|
1、Task description
2、Data set
3、Evaluation methodology
4、Copyright and license issue
5、Task schedule
6、References
NewVersion
Organizer
|
|
Word sense disambiguation (WSD) and semantic role labeling (SRL) are two important semantic analyzing techniques for NLP applications. To improve their performance, many evaluation tasks have been designed in recent years, including senseval-1/2/3 ([1], [2], [3]), CoNLL-2004/2005 ([4], [5]) and SemEval-2007 [7]. But almost all these evaluation tasks were designed to test one of these techniques, such as WSD tasks in senseval-1/2, SRL tasks for Propbank corpora in CoNLL-2004/2005 and SRL tasks for FrameNet corpora in senseval-3 and SemEval-2007. Only few tasks are designed for test the interaction of these two techniques, such as the frame semantic structure extraction task in SemEval-2007 [8]. Meanwhile, almost all these tasks are designed for the English language, only few tasks are designed for other languages, such as Chinese [9], Spanish [10], etc.
We think the event detection is an important semantic analysis task for real world sentences. We use a situation description formula to represent the content of an event. For example, for the ‘buy’ event, we use such a situation description formula: DO(x, P(x,y)) CAUSE (have(x,y) & NOT have(z,y)), where P, x, y and z are different situation arguments, ‘DO’, ‘CAUSE’, ‘&’ and ‘NOT’ are meta logical predicates, ‘have’ is a primitive predicate specially designed for ownership relation description.

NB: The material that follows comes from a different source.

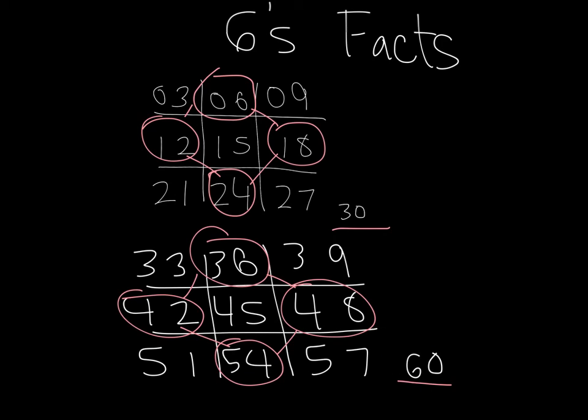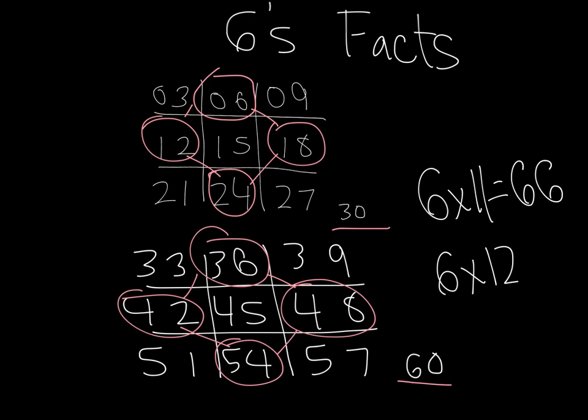Six times ten is 60. And, like the threes facts, but now we're doing sixes — six times 11: anything times 11, the first digit times 11 becomes 66. And finally, you have six times 12, which — if you're not sure — six times 11 is 66, add six to that, and you have 72. And you've just done your six times facts. So, another way of knowing your facts without doing much thinking, other than remembering this pattern.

In the task, we only focus on the following two event descriptions:
- Ownership relations and their changing, such as possession transferring;
- Existence states and their changing in different location and time situation, such as moving, living, died, etc.
We think they are the basic event units to describe other complex natural phenomena in natural language texts.
The goal of the task is to detect and analyze these event contents in real world Chinese news texts. It consists of finding key verbs or verb phrases to describe these events in the Chinese sentences after word segmentation and part-of-speech tagging, selecting suitable situation description formula for them, and anchoring different situation arguments with suitable syntactic chunks in the sentence. Three main sub-tasks are as follows:
- Target verb WSD: to recognize whether there are some key verbs or verb phrases to describe two focused event contents in the sentence, and select suitable situation description formula for these recognized key verbs (or verb phrases), from a situation network lexicon.
The input of the sub-task is a Chinese sentence annotated with correct word-segmentation and POS tags. Its output is the sense selection or disambiguation tags of the target verbs in the sentence.
- Sentence SRL: to anchor different situation arguments with suitable syntactic chunks in the sentence, and annotate suitable syntactic constituent and functional tags for these arguments.
Its input is a Chinese sentence annotated with correct word-segmentation, POS tags and the sense tags of the target verbs in the sentence. Its output is the syntactic chunk recognition and situation argument anchoring results.
- Event detection: to detect and analyze the special event content through the interaction of target verb WSD and sentence SRL.
Its input is a Chinese sentence annotated with correct word-segmentation and POS tags. Its output is a complete event description detected in the sentence (if it has a focused target verb).
The following is a detailed example to explain the above procedure:
For such a Chinese sentence after word-segmentation and POS tagging:
今天/n(Today) 我/r(I) 在/p(at) 书店/n(bookstore) 买/v(buy) 了/u(-ed) 三/m(three) 本/q 新/a(new) 书/n(book) 。/w (Today, I bought three new books at the bookstore.)
After the first processing stage: target verb WSD, we find there is a possession-transferring verb ‘买/v(buy)’ in the sentence and select the following situation description formula for it:
买/v(buy): DO(x, P(x,y)) CAUSE have(x,y) AND NOT have(z,y) [P=buy]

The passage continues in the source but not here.